Wczoraj skusiłem się na tortillę wegetariańską za 12 zł, chyba pierwszy raz w życiu.

Była super smaczna i pomyślałem sobie, że mógłbym taką jeść codziennie, nawet wykupując nań abonament. Ale rozważając, czy to byłoby harmonijne jedzenie w porównaniu z dojrzałymi, słodkimi owocami drzew i krzewów, łatwo zauważyć, że wymagałaby ona pracy przy przyrządzaniu (10 minut szefowi zajęła), a praca i obróbka termiczna są nieharmonijne, no i uprawa warzyw, ochrona ich przed różnymi stworzeniami także harmonijnym nie byłaby. Tak więc moi Drodzy, nic nie przebije dojrzałych, słodkich owoców w harmonijności. Zgodzicie się ze mną?

  • Nie
  • Tak
  • Trudno powiedzieć
  • Odrębne zdanie podaję osobno

0 głosujących

No i po co wode lejesz,gdy i tak nie stosujesz sie do diety fructarianskiej?

2 polubienia

Zgodzimy się z tobą, jeśli przejdziesz na taka dietę sam i będziesz je jej trzymał co najmniej przez 3 miesiące.
A potem napisz swoje wrażenia (jeżeli jeszcze będziesz zył)

3 polubienia

Moglbys sprecyzowac o jaka tortille chodzi? Bo tortilla to kazdy placek, nalesnik, omlet cz nawet maca.

1 polubienie

Wyglądała, jakby z bardzo cienkiego naleśnika z nadzieniem z surówek warzywnych, zrobić paczuszkę.

1 polubienie

Czyli meksykanska. Powinna byc z maki kukurydzianej a warzywa przesmazone na oliwie, moze byc olej rzepakowy. Polecam, i smaczna i zdrowa.

3 polubienia

Wyglądały na surowe warzywa w smaku.

1 polubienie

Bo do tortilli to sie tylko troche je podsmaza - tak, zeby nie stracily koloru i chrupkosci. Tam bywalo ciezko o wode, wiec warzyw nie myto tylko ovzyszczano i dezynfekowano krotko wrzucajac na rozgrzana patelnie czy blache nad ogniskiem. Ja w ogole egzotyczne z punktu widzenia pochlaniacza schabowego z kapusta lubie. Pokombinowac przy garach tez…

1 polubienie

Przy garach to nie jest harmonijnie, czyli to jest patologicznie.
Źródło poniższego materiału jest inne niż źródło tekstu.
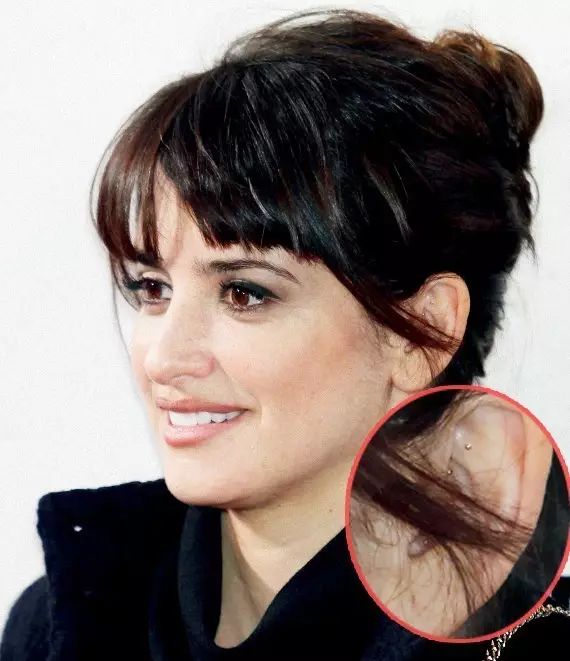 精品话题｜拔罐、针灸，你们的idol“好这口”！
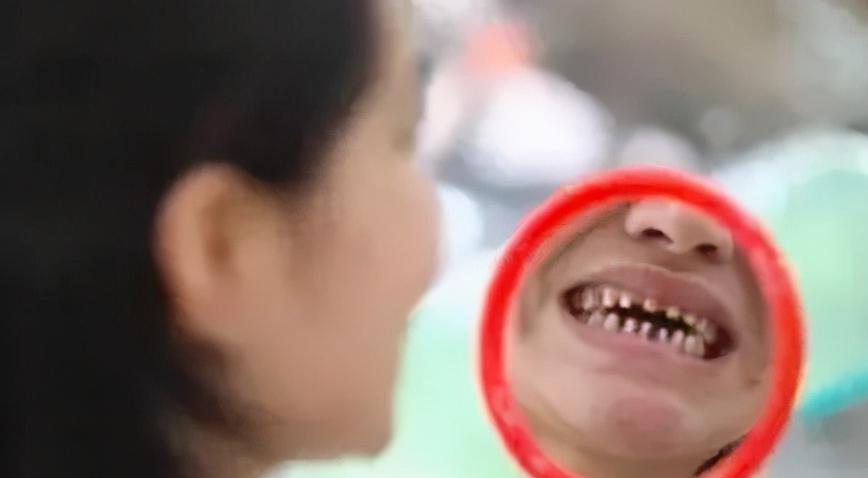 赵薇牙齿做了烤瓷牙吗,吴宣仪牙齿烤瓷牙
Tak sobie mysle, czy jak kupujesz taka tortille, to czy sprzedawca zapytal: chce Pan z sosem czosnkowym?
-nie, dziękuję
-tak, poproszę
-nie wiem
-mam jeszcze inne zdanie na ten temat

5 polubień

Nie pamiętam, czy mnie się spytał, choć lubię sos czosnkowy.

1 polubienie

A czy ja twierdze, ze ma byc harmonijnie? Podkorne diably lubia dobrze zjesc :crazy_face:

2 polubienia

Slusznie, ja tez:)

1 polubienie

Ja znam jeszcze domowa tortille - ziemniaki w plasterki, na patelnie, potem dorzucic cebule pokrojona, a na koniec wbic (niestety harmonijne) jajka. Calosc dosolic, dopieprzyc i z keczupem wtranżolić.

1 polubienie

To taki przepis zblizony do tortilli hiszpanskiej. Zrobic taka jak byc powinna? Moj przepis to wziac butelke wina, ewentualnie w/w skladniki i isc do sasiadki Hiszpanki. Oliwe w domu to ma tu kazdy. Ja sie rewanzuje polska tortilla czyli plackami kartoflanymi, dla nich potrawa nieznana.
A jakos keczupu nie lubie.
Do tego swojego dania to dodaj jeszcze pieczarki, albo sezonowe grzyby, dopiero pyszota.

2 polubienia

To raczej droga do boskości nie jest…

Gdyby był taki harmonijny jak pisze, to by nie korzystał z komputera. Komputery są nieharmonijne. Jednak wspomniany woli żyć nieharmonijne i tłucze każdego dnia w klawisze mimo, że mógłby sobie kupić harmonijny bęben i w niego tłuc … By dobrze tłukł, byśmy usłyszeli. Namawia do harmonijności a sam robi inaczej … A tfu … :stuck_out_tongue_closed_eyes:

6 polubień

Przyznaję, że jeszcze nie jadłem tortili.

1 polubienie

Jakie kupic,sklepy sa nieharmonijne.
Zrobic sobie beben,tylko z czego skore zdjac,z jablka sie nie nadaje,z sasiada tez nie beardzo)))
Moze znaki dymne by byly harmonijne))

3 polubienia

Pod warunkiem, ze ogien od pioruna, a nie zapalki.